First of all, basic to all the relevancy, it is a terrific story that weds two different worlds. Perry’s bright ghetto student, egged on by his demanding mother (Anna Maria Horsford) and a stern public school history teacher (Georg Stanford Brown), lands in the Gothic ivy campus of the prestigious Exeter like a wary lamb. Gradually, the snide racial slaughter, as only privileged whites can exact it, creates a simmering anger in the Harlem youth with tragic consequences.

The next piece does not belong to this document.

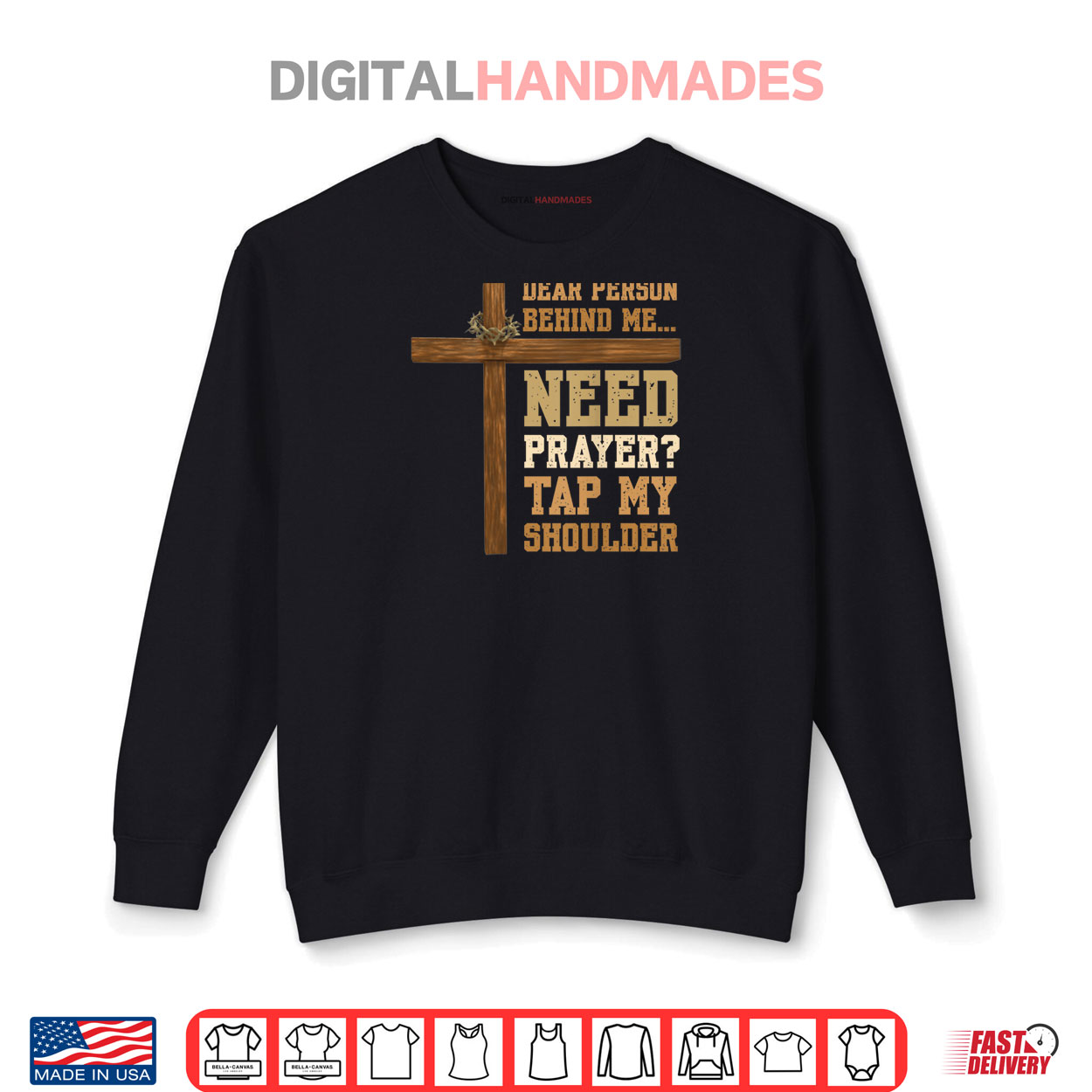 Dear Person Behind Me Need Prayer Tap My Shoulder Shirt Dear Person Behind Me Need Prayer Tap My Shoulder Shirt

The people at Exeter won’t like this movie, and even Stanford University is unfairly drawn into the racial guck merely by the fact Perry was en route there before he was killed. The film’s contention that any private campus he attended would have continued the quiet attacks is baloney. But that’s a small flaw.

Like the half-black, half-white Joe Christmas in Faulkner’s “Light in August,” young Perry is a person without any home and culture. His return to his Harlem roots is disastrous. One of his old Harlem co-ed friends who lets drugs disintegrate her bright future (a brief, searing performance by A. J. Johnson that is typical of several sharp supporting roles) numbs the young man by calling him “an Oreo black.”

Back at Exeter, he tries to join in. (There’s a wonderful scene at a dance where Perry introduces black music to the all-white crowd.) But he can’t find peace as he walks a tightrope between being “a smart blackhead” and “a credit to his race.”

At one point, he lashes out to his one good white friend and roommate (a gentle, affecting performance by Christopher Daniel Barnes): “I can’t even get a haircut in this town . . . everybody talks to me different--not racist, not straight, just different.”